__WHAT YOU ARE ASKED TO DO__
Copy the data exactly; pictures stay out of the copy.

__GIVEN INFORMATION__
================================
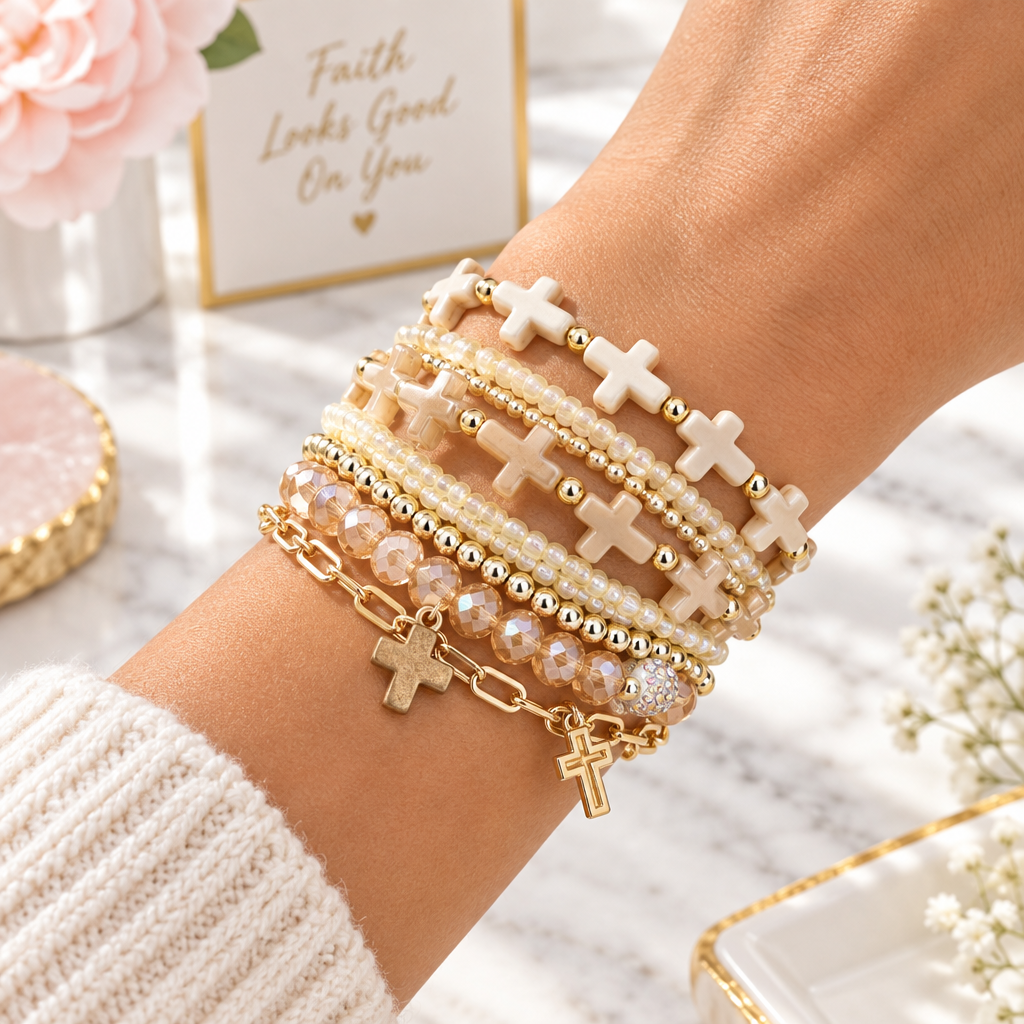 Rose Gold Cross Stackable Bracelets lifestyle image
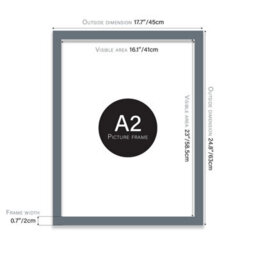 A2 Grey Picture Frame Fits A2 (42 X 59.4Cm - 16.5 X 23.4In) Poster, Photo, Artwork, Or Print. - thumbnail 2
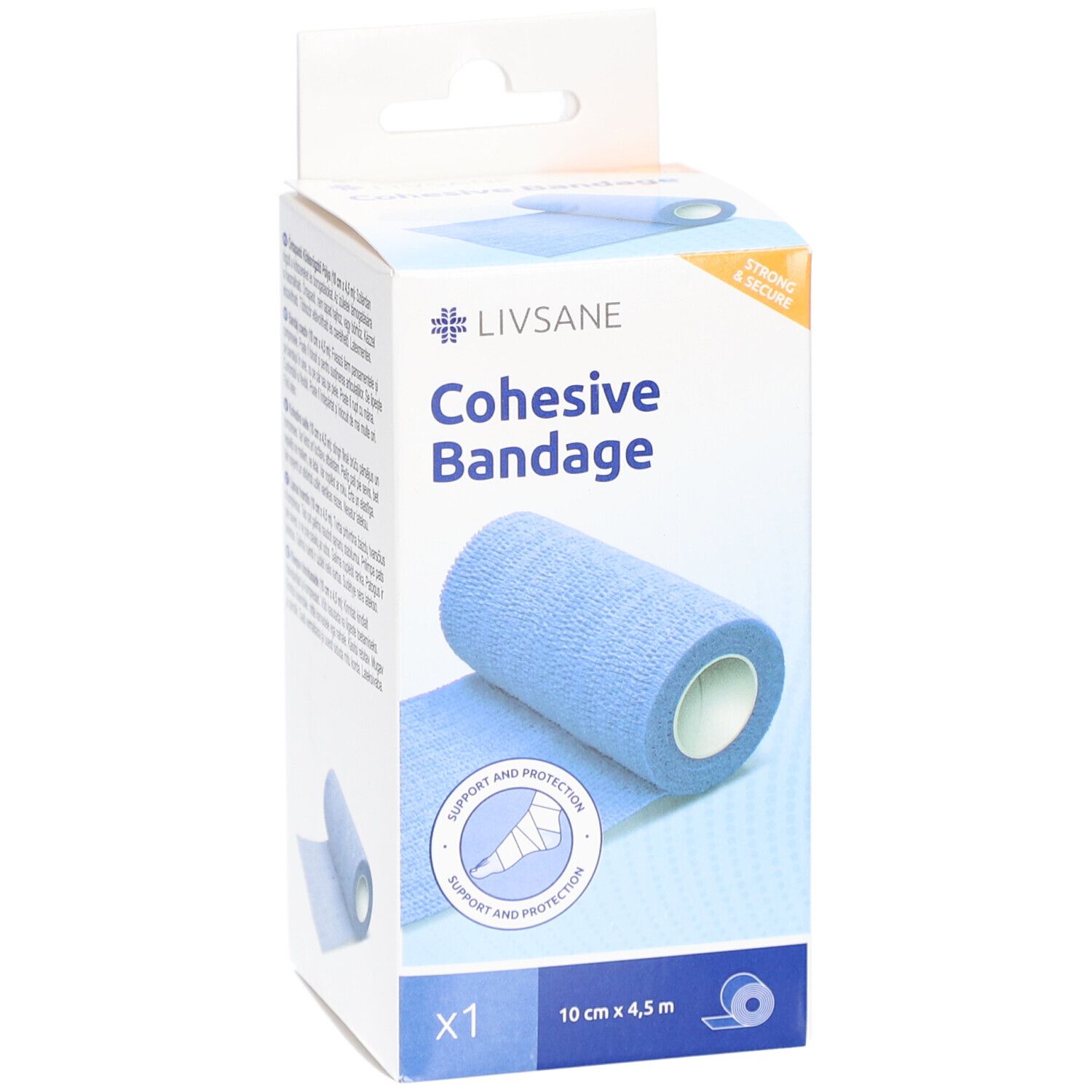 Verpackung der blauen Fixierbinde. Aufschrift: LIVSANE Cohesive Bandage, 10 cm x 4,5 m. CE-Zeichen. Produktabbildung.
================================
__ANSWER TO THIS EXERCISE__
 Rose Gold Cross Stackable Bracelets lifestyle image
 A2 Grey Picture Frame Fits A2 (42 X 59.4Cm - 16.5 X 23.4In) Poster, Photo, Artwork, Or Print. - thumbnail 2
 Verpackung der blauen Fixierbinde. Aufschrift: LIVSANE Cohesive Bandage, 10 cm x 4,5 m. CE-Zeichen. Produktabbildung.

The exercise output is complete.